Start of Block

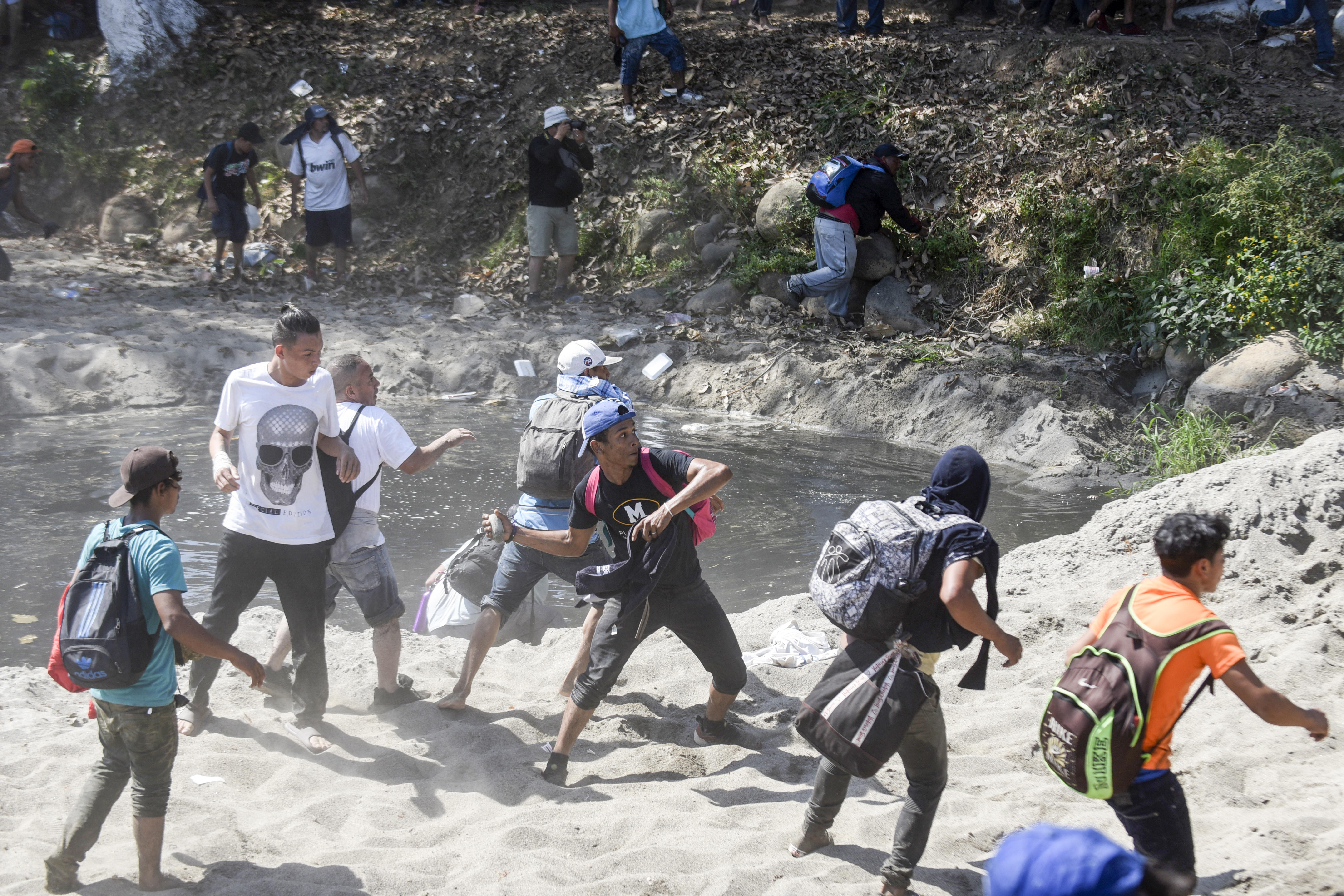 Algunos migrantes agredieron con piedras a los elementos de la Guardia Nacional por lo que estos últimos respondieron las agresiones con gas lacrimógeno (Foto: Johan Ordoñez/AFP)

End of Block
Start of Block

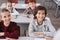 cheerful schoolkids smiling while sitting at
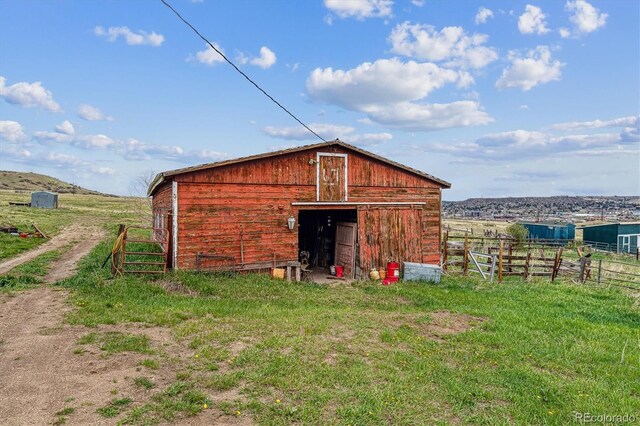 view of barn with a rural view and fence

End of Block

# What you need to do:
Please print the lines above word for word, starting at the one with "cheerful schoolkids smiling while sitting at" and ending at the one with "view of barn with a rural view and fence", both included, and without any picture.

# Reply:
 cheerful schoolkids smiling while sitting at
 view of barn with a rural view and fence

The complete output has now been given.